Basics: What is an MRA of the Abdomen?
MRA stands for magnetic resonance angiography. In short, MRA of the Abdomen is a relatively quick (20 minutes), extremely accurate noninvasive test (other than an IV), to get a close look at the arteries in your abdomen (belly). It is extremely good at finding narrowed or blocked arteries, which leads to poor circulation (ischemia), and pain. In the abdomen, the arteries supply many important organs, including the liver, spleen, kidneys, adrenal glands, stomach, as well as small and large intestines. Problems with arteries leading to these organs can cause a multitude of symptoms.
MRA of the Abdomen is important for patients suspected of having abdominal aortic aneurysms, patients with high blood pressure (evaluate renal arteries), and questions of insufficient blood flow to the GI tract claudication.
Answers to commonly asked questions about MRA of the Abdomen:
Q: How do I decide whether to get an MRA of the Abdomen versus a CTA?
A: I would always get an MRA rather than a CTA unless the patient cant get an MRI (pacemaker, etc.). MRA uses no radiation, and the bones on CTA make it much harder to read. In addition, patients with renal insufficiency may be at risk of additional injury to the kidneys from CTA contrast (dye). However, if the patient cant have an MRA, then CTA is still an excellent exam, and should be obtained instead of invasive angiography. CTA does provide some unique information that MRA does not, as it demonstrates calcific plaque. This may be important in treatment planning, and may end up being a complimentary study.
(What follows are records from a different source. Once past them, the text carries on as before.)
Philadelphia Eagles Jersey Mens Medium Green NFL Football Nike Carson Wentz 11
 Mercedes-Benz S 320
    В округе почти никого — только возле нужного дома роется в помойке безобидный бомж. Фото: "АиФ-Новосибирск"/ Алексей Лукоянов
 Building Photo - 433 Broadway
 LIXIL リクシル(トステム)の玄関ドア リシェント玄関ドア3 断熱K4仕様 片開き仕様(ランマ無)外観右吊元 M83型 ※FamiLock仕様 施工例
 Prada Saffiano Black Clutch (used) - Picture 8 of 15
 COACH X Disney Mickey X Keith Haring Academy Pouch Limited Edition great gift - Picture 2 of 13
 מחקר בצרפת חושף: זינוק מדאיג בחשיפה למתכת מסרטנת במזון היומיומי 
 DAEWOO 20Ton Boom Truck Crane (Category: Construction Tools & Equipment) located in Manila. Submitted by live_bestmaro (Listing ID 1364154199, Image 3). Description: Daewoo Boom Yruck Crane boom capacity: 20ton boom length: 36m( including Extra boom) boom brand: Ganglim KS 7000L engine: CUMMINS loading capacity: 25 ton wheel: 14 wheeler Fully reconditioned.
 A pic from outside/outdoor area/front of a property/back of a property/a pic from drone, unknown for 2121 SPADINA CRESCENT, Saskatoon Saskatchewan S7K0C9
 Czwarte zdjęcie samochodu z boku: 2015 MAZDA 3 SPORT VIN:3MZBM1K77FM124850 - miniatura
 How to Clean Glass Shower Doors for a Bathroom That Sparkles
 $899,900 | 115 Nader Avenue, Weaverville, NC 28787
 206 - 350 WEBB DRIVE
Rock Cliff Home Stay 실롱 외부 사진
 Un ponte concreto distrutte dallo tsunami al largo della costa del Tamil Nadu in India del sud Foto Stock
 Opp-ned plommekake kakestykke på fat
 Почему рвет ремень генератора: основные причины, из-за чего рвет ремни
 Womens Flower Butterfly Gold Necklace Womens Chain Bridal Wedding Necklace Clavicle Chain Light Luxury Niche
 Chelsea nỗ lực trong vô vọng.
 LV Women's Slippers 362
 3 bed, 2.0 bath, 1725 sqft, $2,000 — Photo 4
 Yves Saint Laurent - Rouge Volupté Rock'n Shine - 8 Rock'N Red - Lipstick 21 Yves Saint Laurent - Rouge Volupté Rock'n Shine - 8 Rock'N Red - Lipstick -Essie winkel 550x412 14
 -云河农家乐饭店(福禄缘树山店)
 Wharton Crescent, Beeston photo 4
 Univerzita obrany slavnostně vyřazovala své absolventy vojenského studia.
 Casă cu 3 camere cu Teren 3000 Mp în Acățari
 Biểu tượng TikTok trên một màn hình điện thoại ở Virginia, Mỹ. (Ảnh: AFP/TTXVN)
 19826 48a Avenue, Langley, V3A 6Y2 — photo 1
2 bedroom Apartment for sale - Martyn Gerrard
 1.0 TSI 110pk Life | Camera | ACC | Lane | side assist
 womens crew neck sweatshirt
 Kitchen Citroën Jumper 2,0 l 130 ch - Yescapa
Discussion of images above:
1. Chronic infrarenal abdominal aortic aneurysm with mural thrombus to maximum approximately 5.1 cm in diameter.
2. Occlusion of the right common iliac artery at its origin.
3. Wide patency of the femoral-femoral bypass graft.
4. 25% narrowing at the origin of the right renal artery.
5. 75% narrowing and 50% to 75% narrowing of the origins of the dual left renal artery supply respectively.